ASSIGNMENT: Give back the lines below exactly, but do not include any pictures.

** ENTRIES SUPPLIED follows **

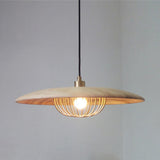 mid-century-modern-wood-pendant-lamp-with-hand-crafted-cnc-engraved-shade-for-dining-room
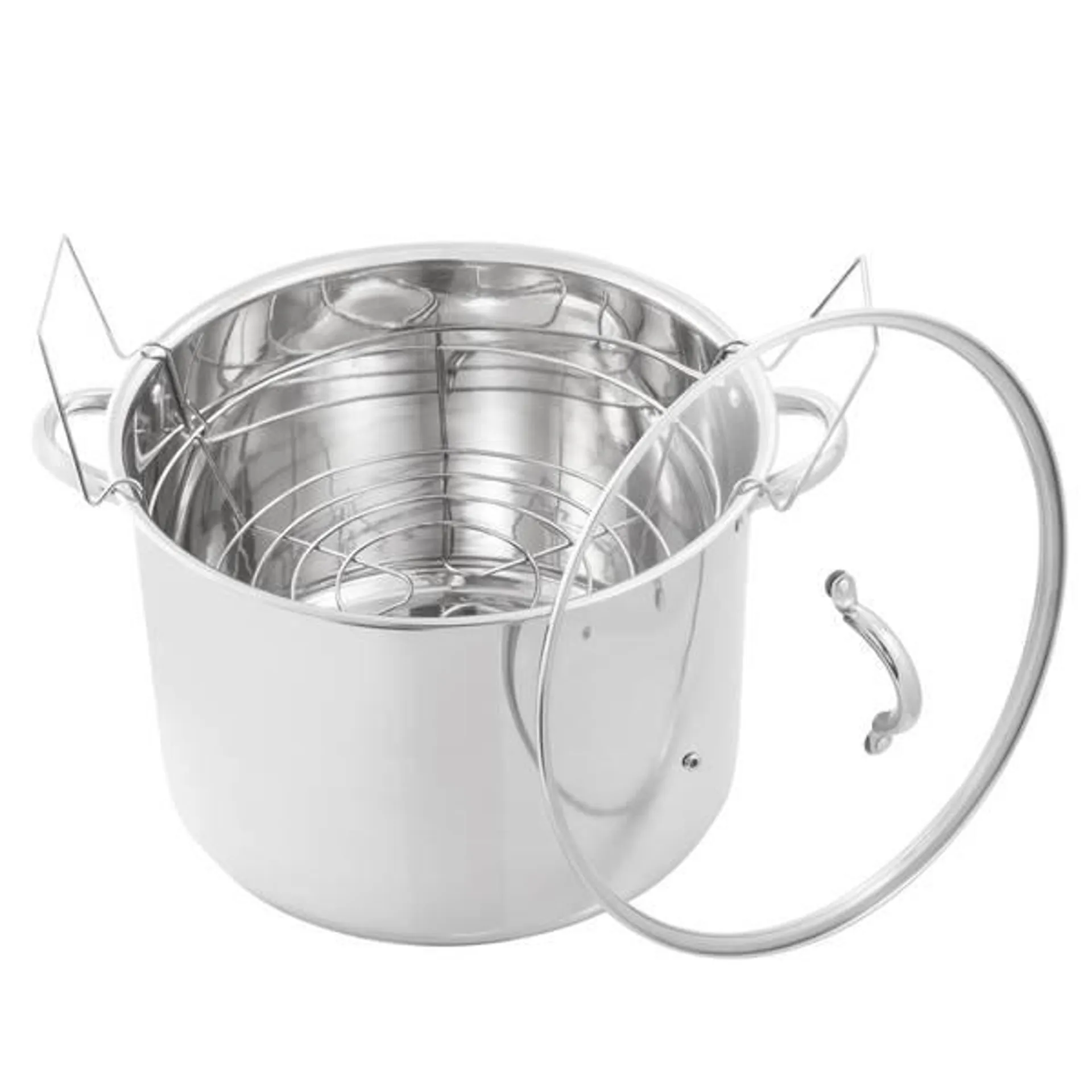 21.5 Qt. Stainless Steel Water Bath Canner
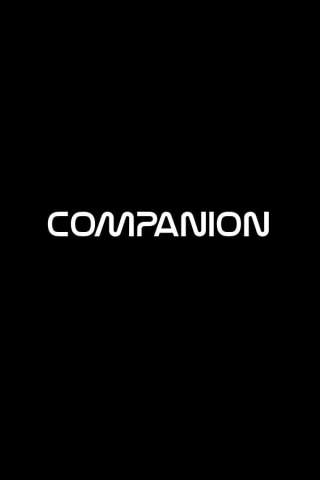 Companion streaming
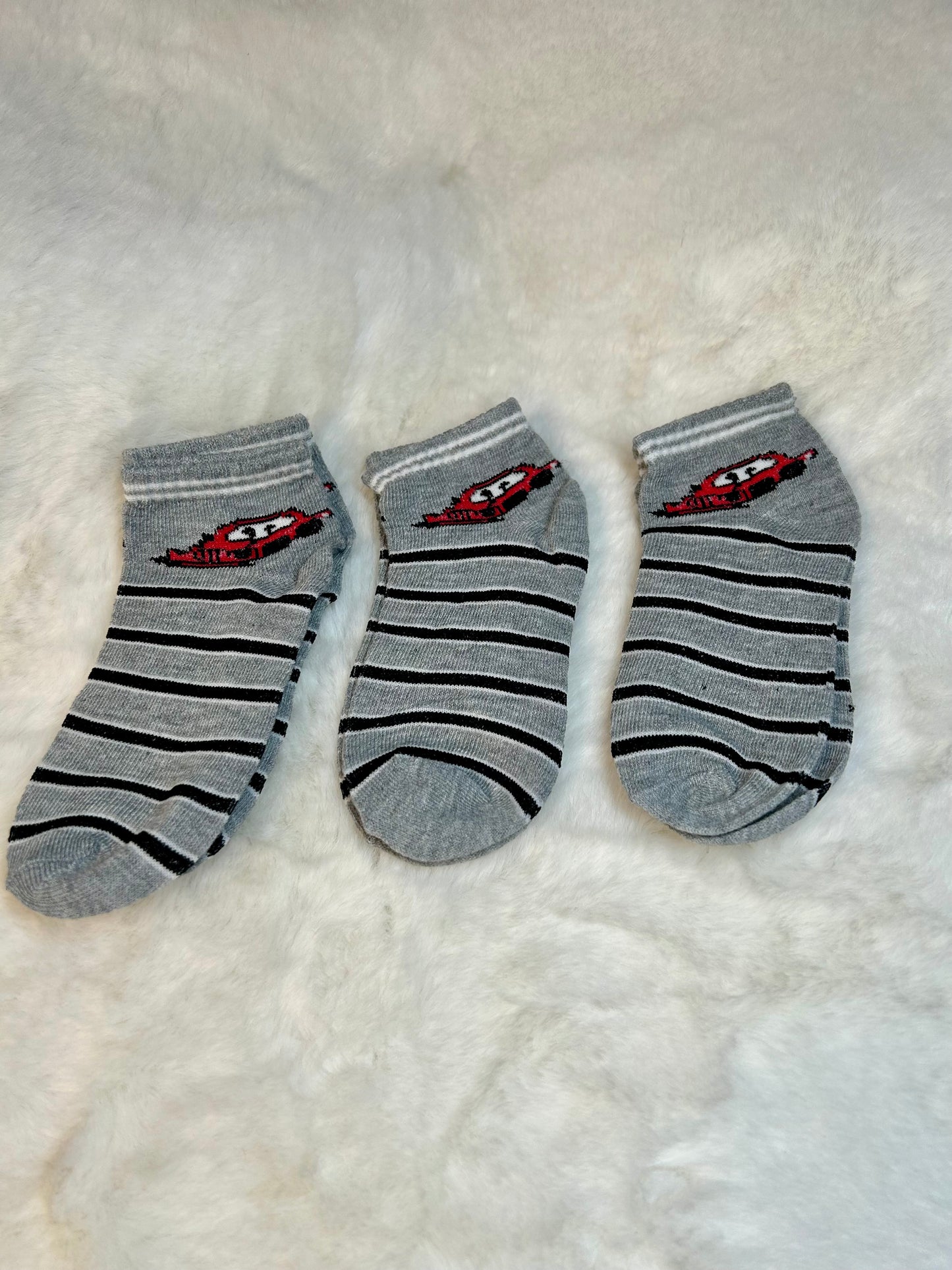 Boys Car Socks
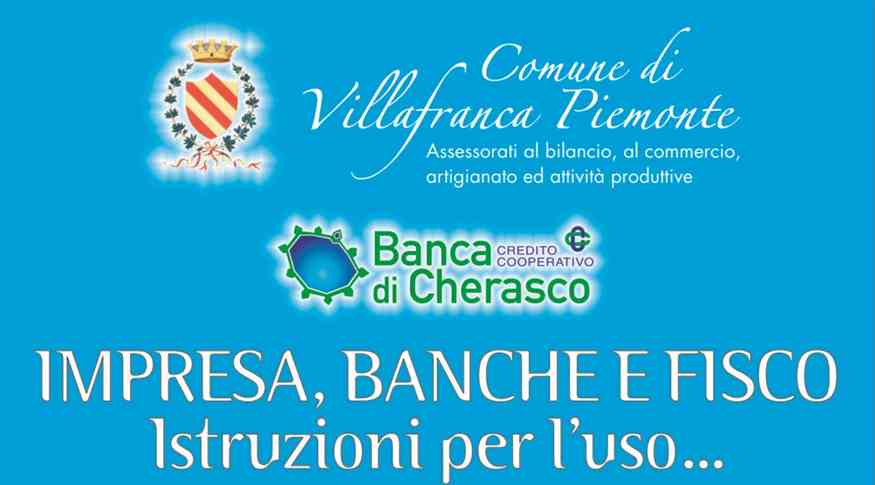 Banca Di Cherasco Incontra Le Aziende Di Villafranca Piemonte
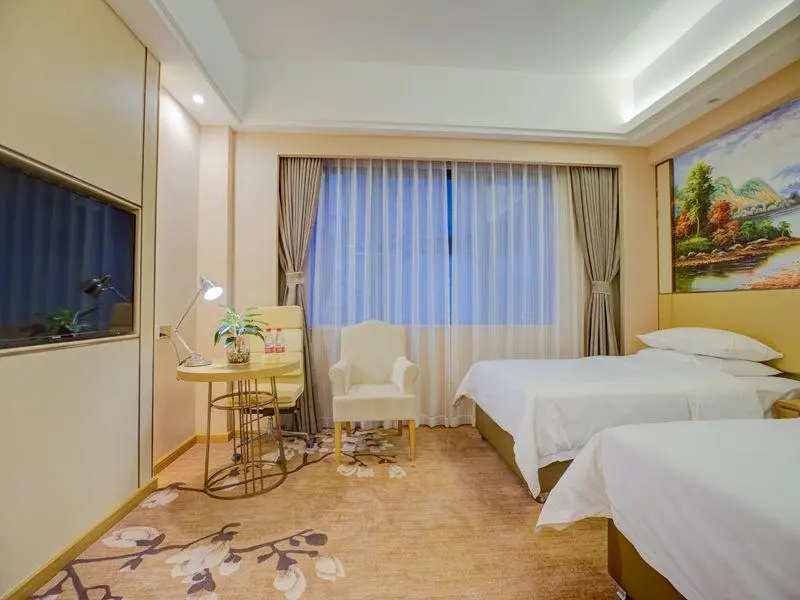 Business Double room (twin beds)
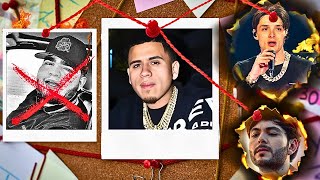 Fuerza Regida: Jesús Ortiz is not what he seems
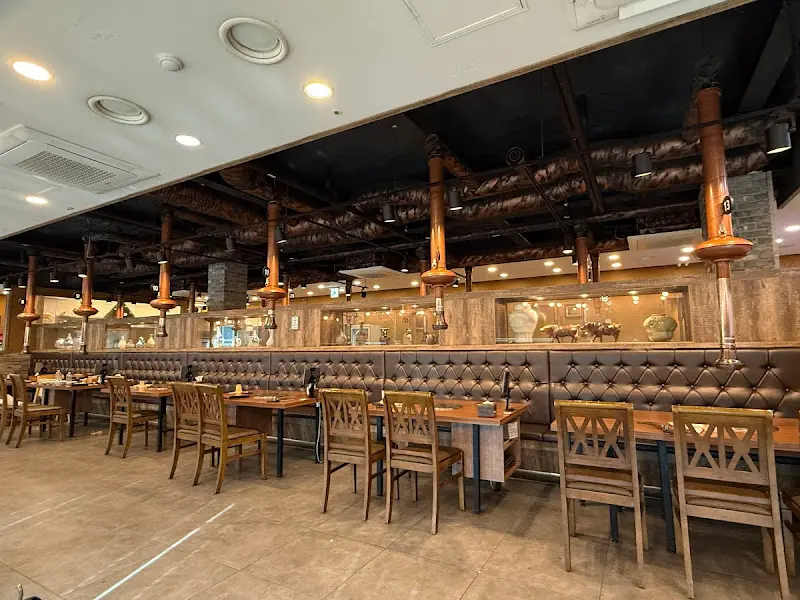 진또배기 내부 전경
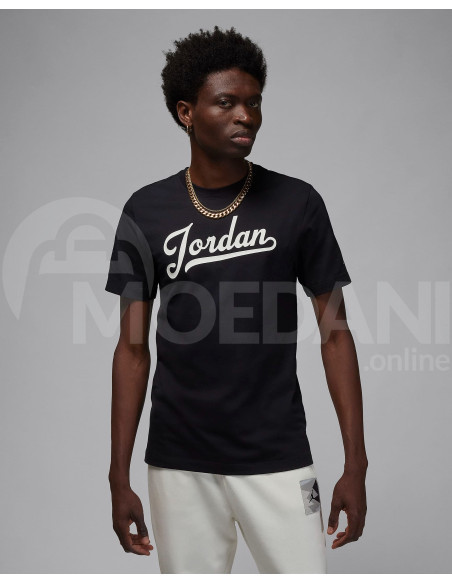 NIKE - M J FLT MVP WM SS CREW Tbilisi - photo 1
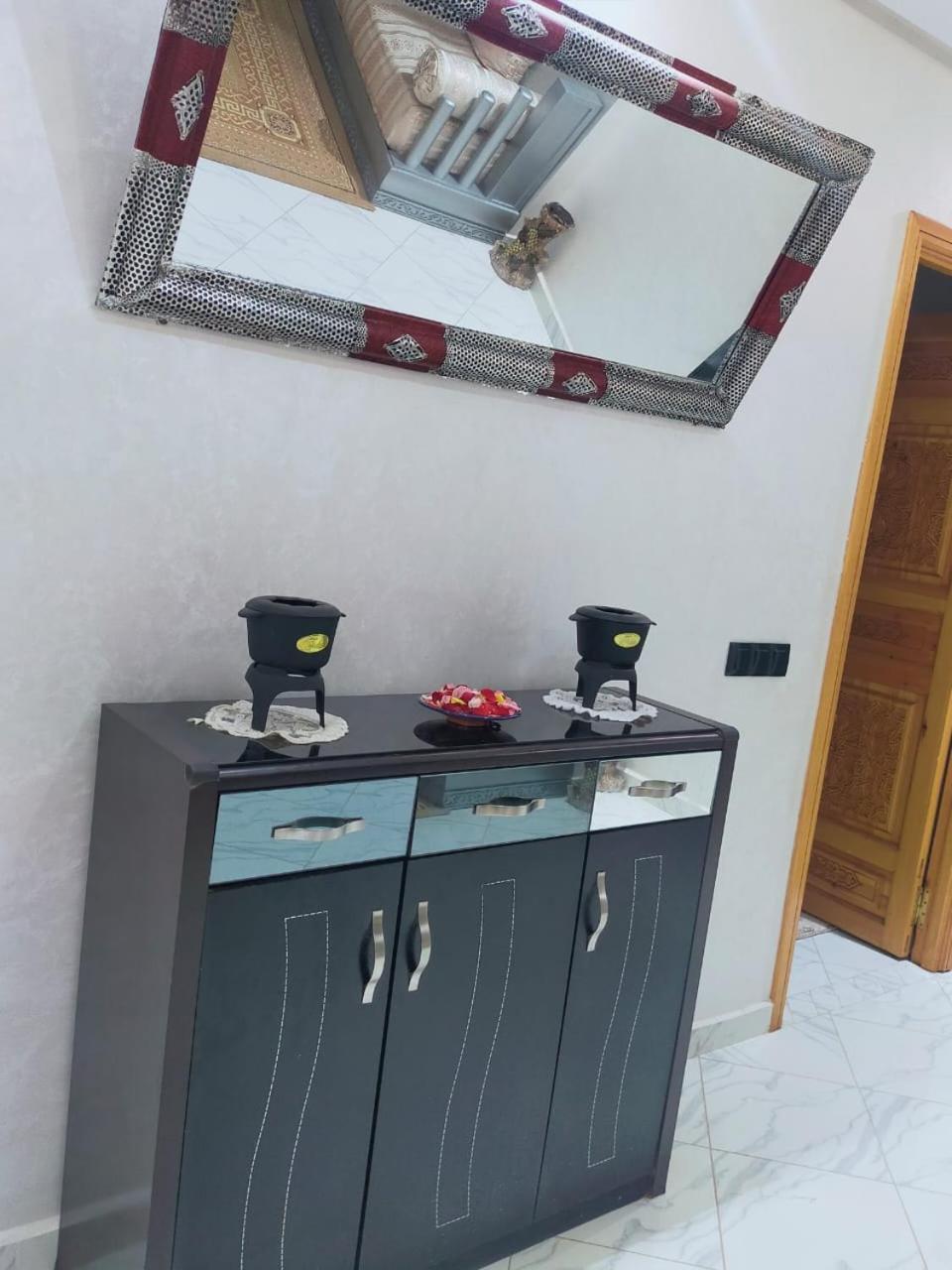 Appartement De Luxe A 7 Min De Centre De Ville A Petit Prix Pour Passer Un Agreable Sejour Μαρακές Εξωτερικό φωτογραφία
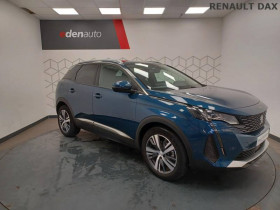 Peugeot 3008 occasion 2021 mise en vente à Dax par le garage edenauto Renault Dacia Dax - photo n°1
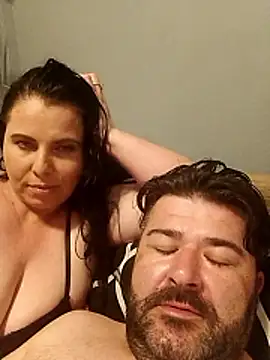 Angel and Devil couple online show from May 26, 8:51 pm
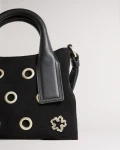 Ted Baker Darya Nylon Tote - Mayzii Eyelet - One Size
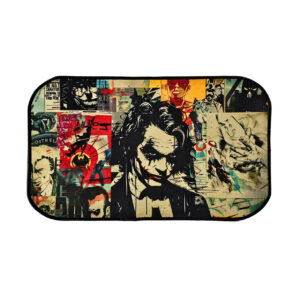 پادری مخمل نمدی طرح JOKER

** End of ENTRIES SUPPLIED **

SOLVED EXERCISE:
 mid-century-modern-wood-pendant-lamp-with-hand-crafted-cnc-engraved-shade-for-dining-room
 21.5 Qt. Stainless Steel Water Bath Canner
 Companion streaming
 Boys Car Socks
 Banca Di Cherasco Incontra Le Aziende Di Villafranca Piemonte
 Business Double room (twin beds)
 Fuerza Regida: Jesús Ortiz is not what he seems
 진또배기 내부 전경
 NIKE - M J FLT MVP WM SS CREW Tbilisi - photo 1
 Appartement De Luxe A 7 Min De Centre De Ville A Petit Prix Pour Passer Un Agreable Sejour Μαρακές Εξωτερικό φωτογραφία
 Peugeot 3008 occasion 2021 mise en vente à Dax par le garage edenauto Renault Dacia Dax - photo n°1
 Angel and Devil couple online show from May 26, 8:51 pm
 Ted Baker Darya Nylon Tote - Mayzii Eyelet - One Size
 پادری مخمل نمدی طرح JOKER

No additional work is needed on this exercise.